If you use Windows, you can submit a request to provide mailbox access using a curl command formatted as follows:
```
curl -X POST -H "Authorization: OAuth {OAUTH TOKEN}" -H "Content-Type: application/json" -d "@roles.json" https://api360.yandex.net/admin/v1/org/{ORGANIZATION}/mailboxes/set/{OWNER}?actorId={EMPLOYEE WITH ACCESS}&notify={NOTIFICATION DELIVERY PARAMETER}
```
where
{OAUTH-TOKEN} is the OAuth token you obtained in Step 1 of the "Prepare to work with the API" guide.
roles.json is the file with the request body created in Step 1 of this guide.
{ORGANIZATION} is the ID of the organization you obtained in Step 2.1 of the "Prepare to work with the API" guide.
{OWNER} is the mailbox owner ID you obtained in Step 2.2 of the "Prepare to work with the API" guide.
{EMPLOYEE WITH ACCESS} is the ID of the employee who requires access to the mailbox. You obtained it in Step 2.2 of the "Prepare to work with the API" guide.
{NOTIFICATION DELIVERY PARAMETER} is the parameter that determines who receives a notification email about changes to mailbox access. Possible values: all, delegates, none. For the descriptions of the parameter values, see Notifications.
Analyze the response you get: if the request is successful, you'll get the 200 OK status code with the ID of the task for changing permissions. Save the ID you obtained.
To check that access has been granted, send another request with task ID pasted into it:
```
curl -X GET -H "Authorization: OAuth {OAUTH TOKEN}" https://api360.yandex.net/admin/v1/org/{ORGANIZATION}/mailboxes/tasks/{TASK ID}
```
In response, you'll get the status of the task for changing permissions. The permissions are successfully changed if the response contains the value complete.
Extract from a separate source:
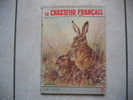 Le Chasseur Français, N° 701, Juillet 1955. Sommaire, Voir Scan. Une Lièvres. Pubs Manufrance, Fusil, Cycle, Vélomoteur - Chasse & Pêche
Step 4. Help employees with email setup

For instructions on setting up email clients, see Shared access to mailboxes in email clients.

Manage mailbox access

To change an employee's access to the mailbox, follow the instructions for granting access and update their roles in the roles.json file.

Disconnect from a delegated mailbox

Disable access to the mailbox

To disable access to the mailbox for a specific employee, follow the instruction for granting access and specify an empty list in the roles.json file that lists available roles:

   {
      "roles": []
   }

When you disable access for an employee, the mailbox is still considered delegated, even if the only person that retains access to it is its owner. To undelegate the mailbox, you need to disable the delegation option.

Disable mailbox delegation

To disable the option to delegate the mailbox, send a DELETE request:

curl -X DELETE -H "Authorization: OAuth {OAUTH TOKEN}" https://api360.yandex.net/admin/v1/org/{ORGANIZATION}/mailboxes/delegated/{OWNER}

When you disable the mailbox delegation option, all employees who have access to this mailbox will lose this access.

API documentation

For a complete description of all access control methods, see the documentation.